| DESCRIPTION OF THE TASK |
Write the entries out again. Each one must match exactly.

| RECORDS FOR THE EXERCISE |
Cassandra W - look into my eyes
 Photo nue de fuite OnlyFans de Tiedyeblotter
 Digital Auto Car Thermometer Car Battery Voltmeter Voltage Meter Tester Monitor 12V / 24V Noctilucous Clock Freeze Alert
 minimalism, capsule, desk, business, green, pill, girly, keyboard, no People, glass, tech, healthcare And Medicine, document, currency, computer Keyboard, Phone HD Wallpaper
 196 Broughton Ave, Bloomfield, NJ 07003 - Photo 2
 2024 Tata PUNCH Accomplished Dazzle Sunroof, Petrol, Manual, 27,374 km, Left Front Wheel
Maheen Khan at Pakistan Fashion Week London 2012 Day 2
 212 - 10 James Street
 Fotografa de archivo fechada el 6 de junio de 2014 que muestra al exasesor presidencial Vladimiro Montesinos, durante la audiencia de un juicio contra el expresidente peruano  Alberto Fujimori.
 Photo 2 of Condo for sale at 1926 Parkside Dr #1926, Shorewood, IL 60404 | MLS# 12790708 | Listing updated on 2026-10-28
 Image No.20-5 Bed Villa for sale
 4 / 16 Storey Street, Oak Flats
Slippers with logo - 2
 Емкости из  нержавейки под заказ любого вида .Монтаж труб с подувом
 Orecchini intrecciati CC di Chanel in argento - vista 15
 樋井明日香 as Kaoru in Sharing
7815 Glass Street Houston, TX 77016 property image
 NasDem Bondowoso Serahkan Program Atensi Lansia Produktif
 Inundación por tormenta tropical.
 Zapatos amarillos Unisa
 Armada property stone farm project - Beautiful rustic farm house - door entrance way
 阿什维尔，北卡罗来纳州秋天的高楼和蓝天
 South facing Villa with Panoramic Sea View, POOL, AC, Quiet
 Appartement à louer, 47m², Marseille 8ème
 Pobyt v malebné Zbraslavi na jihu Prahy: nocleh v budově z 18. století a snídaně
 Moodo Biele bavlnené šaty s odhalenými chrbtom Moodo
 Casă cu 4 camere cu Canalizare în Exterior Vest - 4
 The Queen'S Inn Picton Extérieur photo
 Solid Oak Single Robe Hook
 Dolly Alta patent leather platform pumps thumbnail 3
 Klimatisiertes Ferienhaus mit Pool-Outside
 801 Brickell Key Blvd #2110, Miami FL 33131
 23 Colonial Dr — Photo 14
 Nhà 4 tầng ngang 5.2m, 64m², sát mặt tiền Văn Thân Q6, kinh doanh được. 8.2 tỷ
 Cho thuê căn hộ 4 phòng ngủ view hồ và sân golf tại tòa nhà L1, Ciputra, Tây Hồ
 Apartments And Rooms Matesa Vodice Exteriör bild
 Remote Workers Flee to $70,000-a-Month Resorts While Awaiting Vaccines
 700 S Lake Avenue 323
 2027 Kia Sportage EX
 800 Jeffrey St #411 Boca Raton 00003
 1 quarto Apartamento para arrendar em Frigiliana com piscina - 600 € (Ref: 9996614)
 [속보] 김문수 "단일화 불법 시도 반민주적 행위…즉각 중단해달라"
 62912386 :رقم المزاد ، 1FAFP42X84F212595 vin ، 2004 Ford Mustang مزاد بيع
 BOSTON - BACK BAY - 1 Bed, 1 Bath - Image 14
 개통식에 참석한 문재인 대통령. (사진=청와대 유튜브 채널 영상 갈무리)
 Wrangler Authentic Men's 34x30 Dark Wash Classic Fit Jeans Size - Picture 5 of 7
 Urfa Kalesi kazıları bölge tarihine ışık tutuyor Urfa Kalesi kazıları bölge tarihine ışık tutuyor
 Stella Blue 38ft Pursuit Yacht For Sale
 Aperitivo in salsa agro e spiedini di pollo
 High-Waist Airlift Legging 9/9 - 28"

| ANSWER SECTION |
Cassandra W - look into my eyes
 Photo nue de fuite OnlyFans de Tiedyeblotter
 Digital Auto Car Thermometer Car Battery Voltmeter Voltage Meter Tester Monitor 12V / 24V Noctilucous Clock Freeze Alert
 minimalism, capsule, desk, business, green, pill, girly, keyboard, no People, glass, tech, healthcare And Medicine, document, currency, computer Keyboard, Phone HD Wallpaper
 196 Broughton Ave, Bloomfield, NJ 07003 - Photo 2
 2024 Tata PUNCH Accomplished Dazzle Sunroof, Petrol, Manual, 27,374 km, Left Front Wheel
Maheen Khan at Pakistan Fashion Week London 2012 Day 2
 212 - 10 James Street
 Fotografa de archivo fechada el 6 de junio de 2014 que muestra al exasesor presidencial Vladimiro Montesinos, durante la audiencia de un juicio contra el expresidente peruano  Alberto Fujimori.
 Photo 2 of Condo for sale at 1926 Parkside Dr #1926, Shorewood, IL 60404 | MLS# 12790708 | Listing updated on 2026-10-28
 Image No.20-5 Bed Villa for sale
 4 / 16 Storey Street, Oak Flats
Slippers with logo - 2
 Емкости из  нержавейки под заказ любого вида .Монтаж труб с подувом
 Orecchini intrecciati CC di Chanel in argento - vista 15
 樋井明日香 as Kaoru in Sharing
7815 Glass Street Houston, TX 77016 property image
 NasDem Bondowoso Serahkan Program Atensi Lansia Produktif
 Inundación por tormenta tropical.
 Zapatos amarillos Unisa
 Armada property stone farm project - Beautiful rustic farm house - door entrance way
 阿什维尔，北卡罗来纳州秋天的高楼和蓝天
 South facing Villa with Panoramic Sea View, POOL, AC, Quiet
 Appartement à louer, 47m², Marseille 8ème
 Pobyt v malebné Zbraslavi na jihu Prahy: nocleh v budově z 18. století a snídaně
 Moodo Biele bavlnené šaty s odhalenými chrbtom Moodo
 Casă cu 4 camere cu Canalizare în Exterior Vest - 4
 The Queen'S Inn Picton Extérieur photo
 Solid Oak Single Robe Hook
 Dolly Alta patent leather platform pumps thumbnail 3
 Klimatisiertes Ferienhaus mit Pool-Outside
 801 Brickell Key Blvd #2110, Miami FL 33131
 23 Colonial Dr — Photo 14
 Nhà 4 tầng ngang 5.2m, 64m², sát mặt tiền Văn Thân Q6, kinh doanh được. 8.2 tỷ
 Cho thuê căn hộ 4 phòng ngủ view hồ và sân golf tại tòa nhà L1, Ciputra, Tây Hồ
 Apartments And Rooms Matesa Vodice Exteriör bild
 Remote Workers Flee to $70,000-a-Month Resorts While Awaiting Vaccines
 700 S Lake Avenue 323
 2027 Kia Sportage EX
 800 Jeffrey St #411 Boca Raton 00003
 1 quarto Apartamento para arrendar em Frigiliana com piscina - 600 € (Ref: 9996614)
 [속보] 김문수 "단일화 불법 시도 반민주적 행위…즉각 중단해달라"
 62912386 :رقم المزاد ، 1FAFP42X84F212595 vin ، 2004 Ford Mustang مزاد بيع
 BOSTON - BACK BAY - 1 Bed, 1 Bath - Image 14
 개통식에 참석한 문재인 대통령. (사진=청와대 유튜브 채널 영상 갈무리)
 Wrangler Authentic Men's 34x30 Dark Wash Classic Fit Jeans Size - Picture 5 of 7
 Urfa Kalesi kazıları bölge tarihine ışık tutuyor Urfa Kalesi kazıları bölge tarihine ışık tutuyor
 Stella Blue 38ft Pursuit Yacht For Sale
 Aperitivo in salsa agro e spiedini di pollo
 High-Waist Airlift Legging 9/9 - 28"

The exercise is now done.